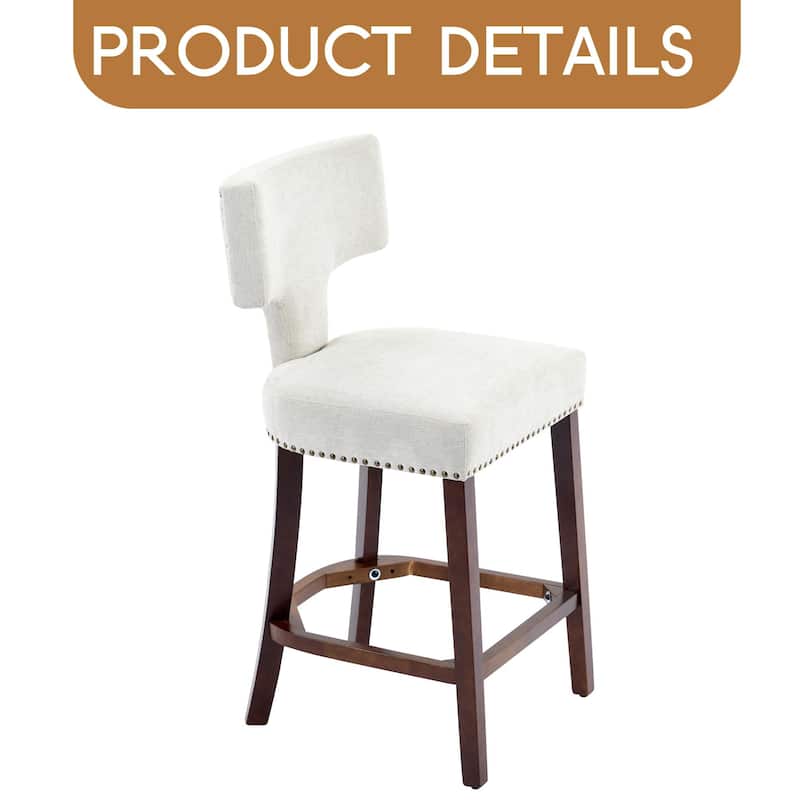 Mid Century Modern Counter Height Bar Stools Set of 2, Farmhouse Linen Fabric Upholstered Accent Chair Curved Backrest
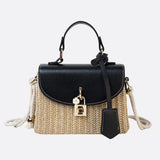 Structured Woven Handbag with Faux Leather Flap – Top Handle & Rope Strap-Aurora-bags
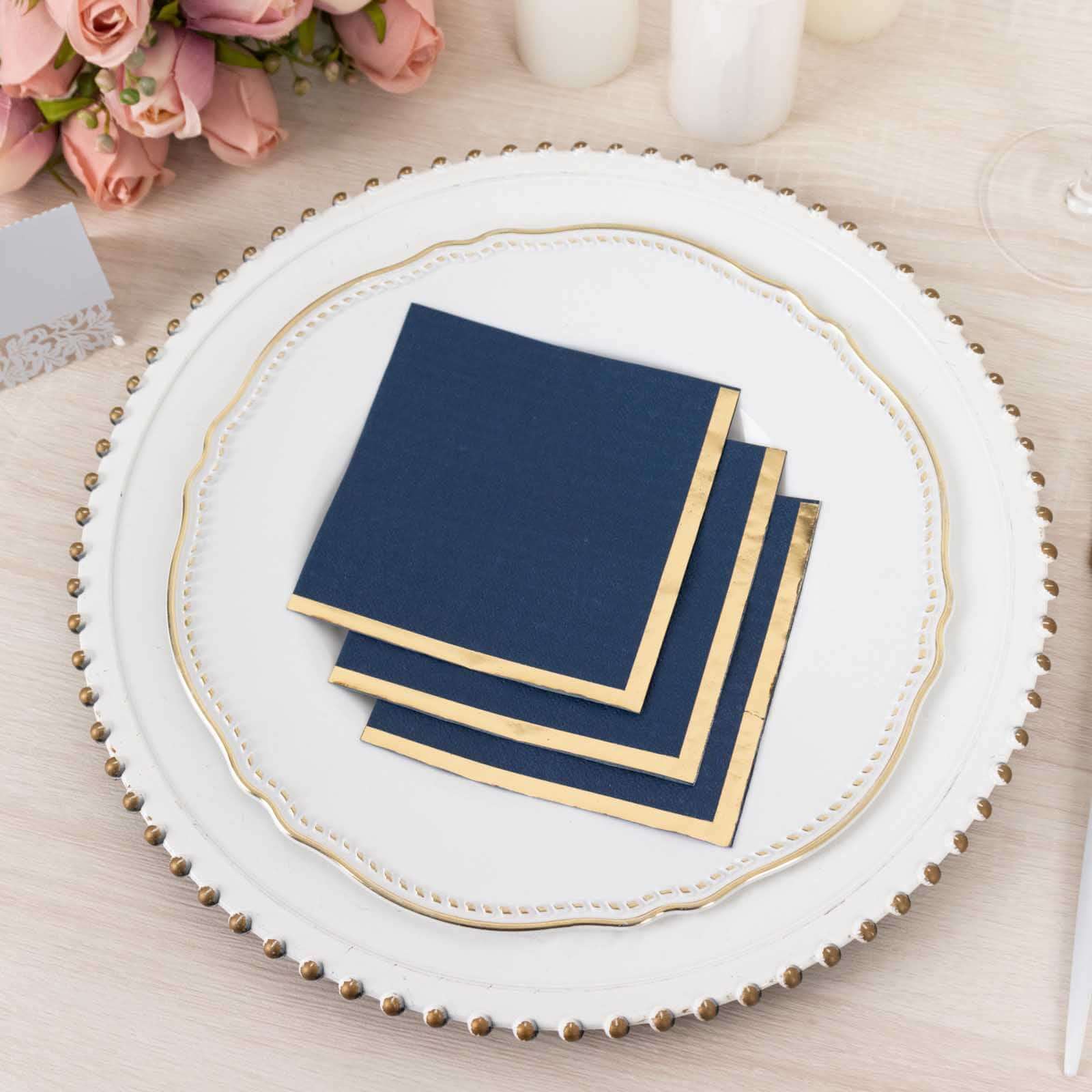 50 - Pack Paper Beverage Napkins Navy Blue with Gold Foil Edge - 2 Ply Disposable Soft 18GSM Cocktail Napkins 5"x5" - Bell Racket Store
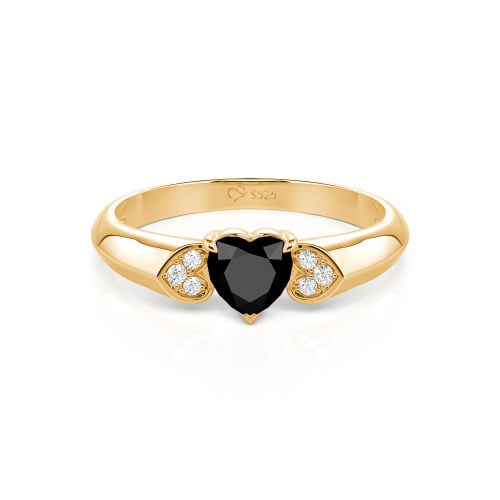 Jeulia Heart Cut Sterling Silver Engagement Ring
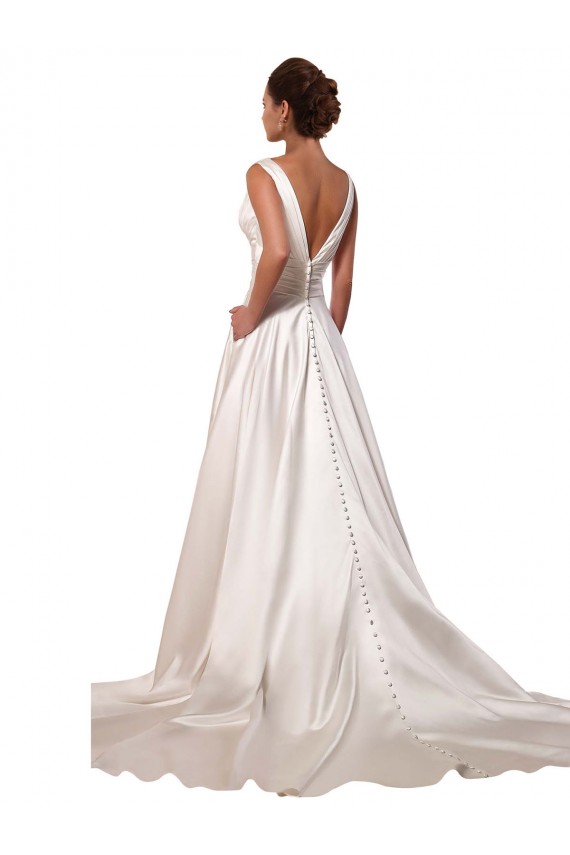 Ivoire Trapèze Col V Satiné Robes de mariée Pas Cher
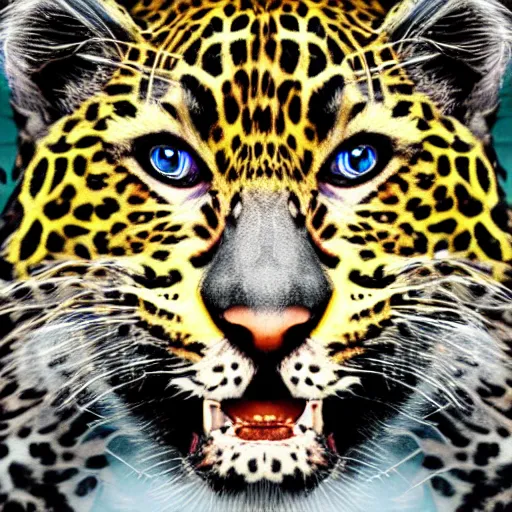 Image similar to Warlock with leopard traits. Character portrait, face close-up, of anthro leopard warlock, digital art, daily deviation on DeviantART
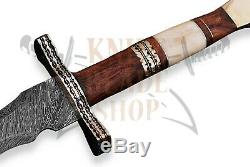 Damascus steel KRIS blade Sword, Handmade SWORD ROSE WOOD &BONE HANDLE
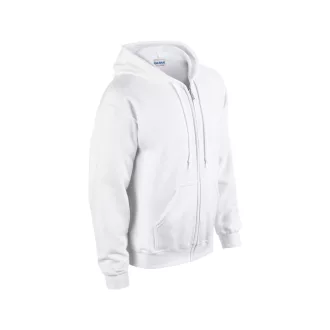   Cipzáras kenguru zsebes kapucnis pulóver, Gildan GI18600, White-2XL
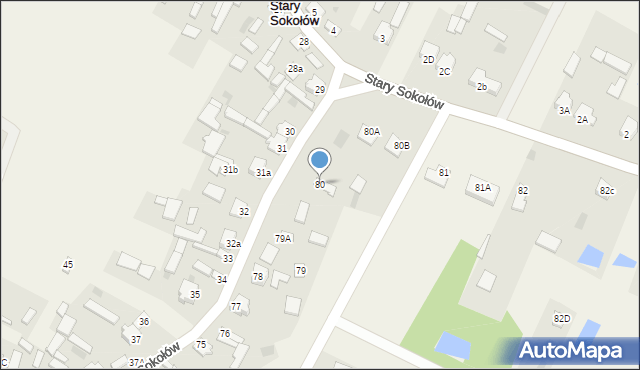 Stary Sokołów, Stary Sokołów, 80, mapa Stary Sokołów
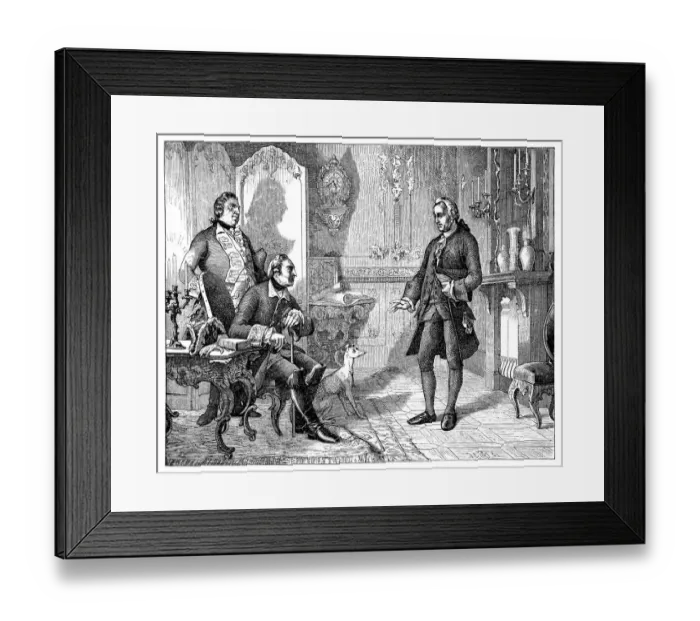 Framed Print : Frederick II the Great, 24. 1. 1712 - 17. 6. 1786, King of Prussia 31. 5. 1740 - 17. 6. 1786, meeting Christian Fuerchtegott Gellert Framed Print : Frederick II the Great, 24. 1. 1712 - 17. 6. 1786, King of Prussia 31. 5. 1740 - 17. 6. 1786, meeting Christian Fuerchtegott Gellert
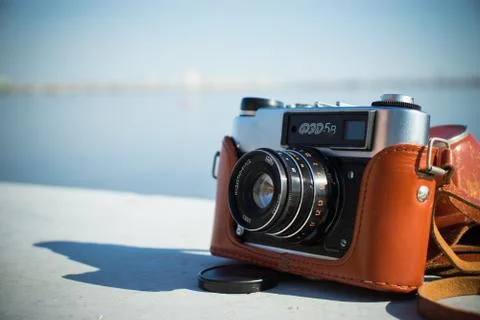 Soviet camera on the Volga river Stock-Fotos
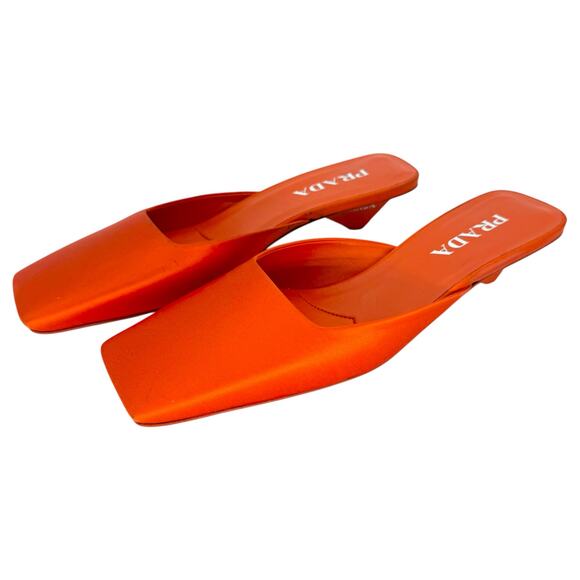 PRADA Modellerie Satin Mule EU 38 US 8 Bright Orange Square Toe Slip On Low Heel - Picture 4 of 11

# # # # # # #

• [Task objective]
Everything from the line with "Jeulia Heart Cut" down to the line with "Damascus steel KRIS" in the data above should be copied exactly, with both end lines kept and the pictures left out.

• [Task output]
 Jeulia Heart Cut Sterling Silver Engagement Ring
 Ivoire Trapèze Col V Satiné Robes de mariée Pas Cher
 Image similar to Warlock with leopard traits. Character portrait, face close-up, of anthro leopard warlock, digital art, daily deviation on DeviantART
 Damascus steel KRIS blade Sword, Handmade SWORD ROSE WOOD &BONE HANDLE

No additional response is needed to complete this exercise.